A segunda conclusão é a de que, neste processo, não se percebe bem a razão que levou a que esta regularização territorial (que incluía algumas habitações e o campo de futebol, entre outros), fosse muito além de uma área razoável ( 15, 20 hectares ?) e abrangesse (como se pode ver no mapa incluído no processo) cem hectares . Nem no projeto dos dois deputados, nem nas declarações do autarca de Beringel, se consegue perceber o porquê de tão vasta área retirada a Mombeja e incluída em Beringel. Ainda que o este último até reconheça que essa alteração poderá trazer “um acréscimo de 1500 a 2000 euros” à sua freguesia, penso que não terá sido esse o verdadeiro motivo.
Na alteração verificada no concelho de Famalicão, uma das freguesias ficou com cerca de 17 hectares que pertencia à outra e, na do concelho de Cantanhede, ainda que pela análise do processo não se consiga saber a área em causa (mas que mereceu a unanimidade de todos os envolvidos), há uma afirmação curiosa, que eventualmente até se poderia aplicar (caso fosse possível verificar esse aspeto) no caso de Beringel e de Mombeja : “Dado que se tratam de duas freguesias muito antigas, a freguesia de Murtede datada de 1836 e a freguesia de Ourentã de meados do séc. XIV, é de todo impossível encontrar cartografia que defina com precisão os limites entre as duas freguesias…”

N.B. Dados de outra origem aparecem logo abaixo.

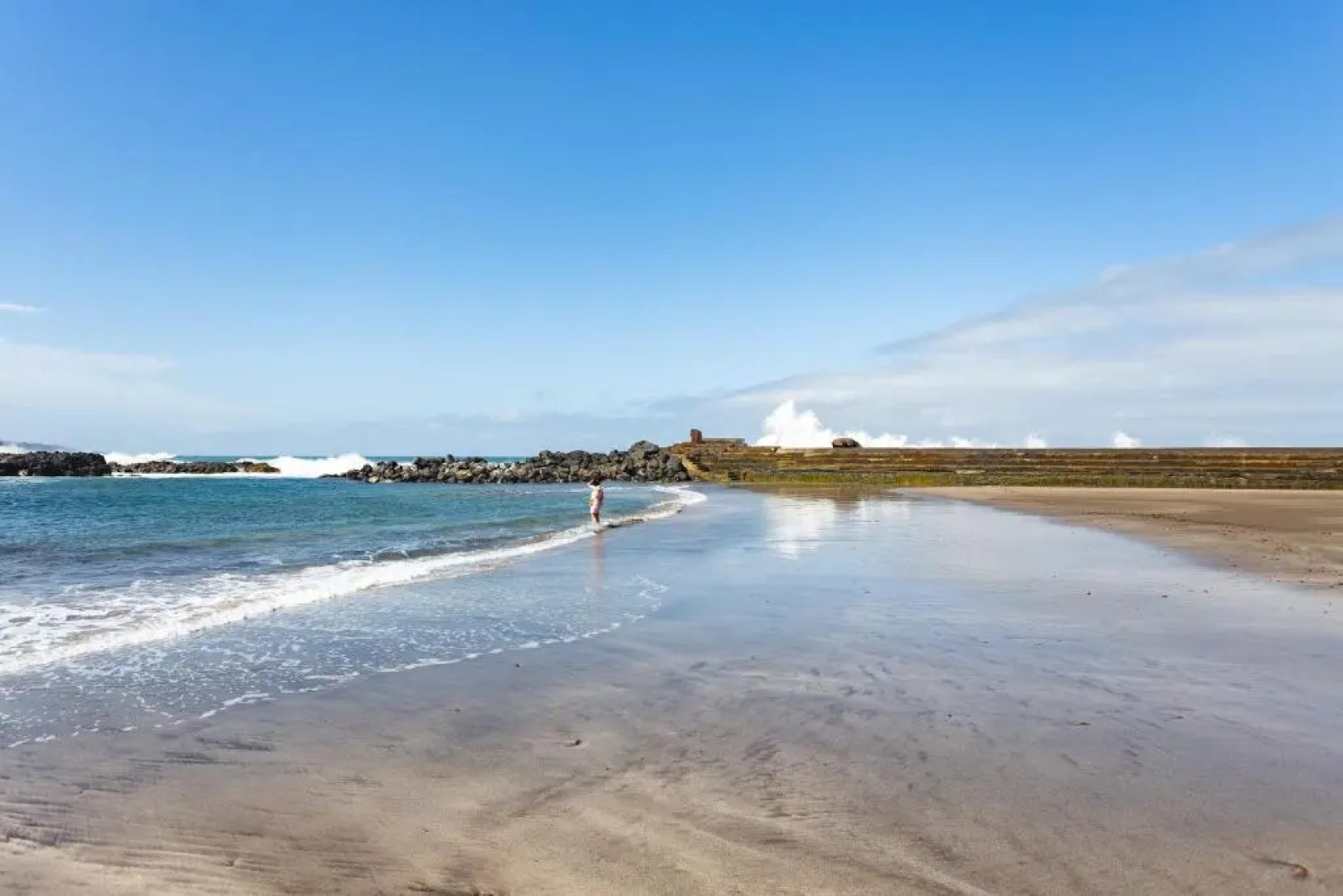 Home2Book Design Apartment Sol y Mar Bajamar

Em terceiro lugar, julgo que só por lapso o Vítor Besugo terá proferido a frase “Santa Vitória sabia que bastava votar contra que isto não avançava…”.  Porque, se antes das eleições de 2013, Santa Vitória não era tida nem achada neste processo (quem tinha de se pronunciar eram os órgãos de Mombeja), após essas eleições (já com as duas freguesias agregadas), qualquer ação contrária da Junta e da Assembleia na nova União de Freguesias, não foi em nome de uma ou de outra localidade, ainda que, sejamos honestos, neste processo todo, quem fica a perder é mesmo Mombeja, já que o território de Santa Vitória não é minimamente beliscado. E, se em toda esta história rocambolesca, alguém deve ser elogiado, pela sua coerência e pela defesa dos direitos da freguesia a que preside, é Julieta Romão, a Presidente da União de Freguesias de Santa Vitória e Mombeja (e anterior presidente da primeira) que, de uma forma desassombrada (e até politicamente incorreta), descreve o processo e põe o dedo na ferida do mesmo, ao colocar as questões com que termina o trabalho do Diário do Alentejo.
A estas questões da Julieta, acrescento, para finalizar, duas outras : nas eleições de 2013, a freguesia de Beringel tinha 1264 eleitores inscritos, a União de Santa Vitória e Mombeja tinha 891 (dos quais cerca de 300 serão da anterior freguesia de Mombeja e os restantes de Santa Vitória); será que este processo se teria desenvolvido da mesma maneira, se Beringel tivesse 300 eleitores e Mombeja 1264? Ainda que a situação dos “beringeleiros” que viviam na freguesia de Mombeja tivesse mesmo de ser resolvida, será que, com estes números opostos  de eleitores, seriam retirados cem hectares a uma freguesia para serem entregues a outra, ou essa área seria bem menor?
Perguntas que ficam no ar, com duas certezas. A primeira é a de que, se casos como estes se passassem na terra das “Marias da Fonte”, talvez o seu desfecho não fosse tão pacífico como este é; a segunda é a de que, acima de tudo, vingaram neste processo as aritméticas eleitorais, que levam à inevitável conclusão : É a política, estúpido!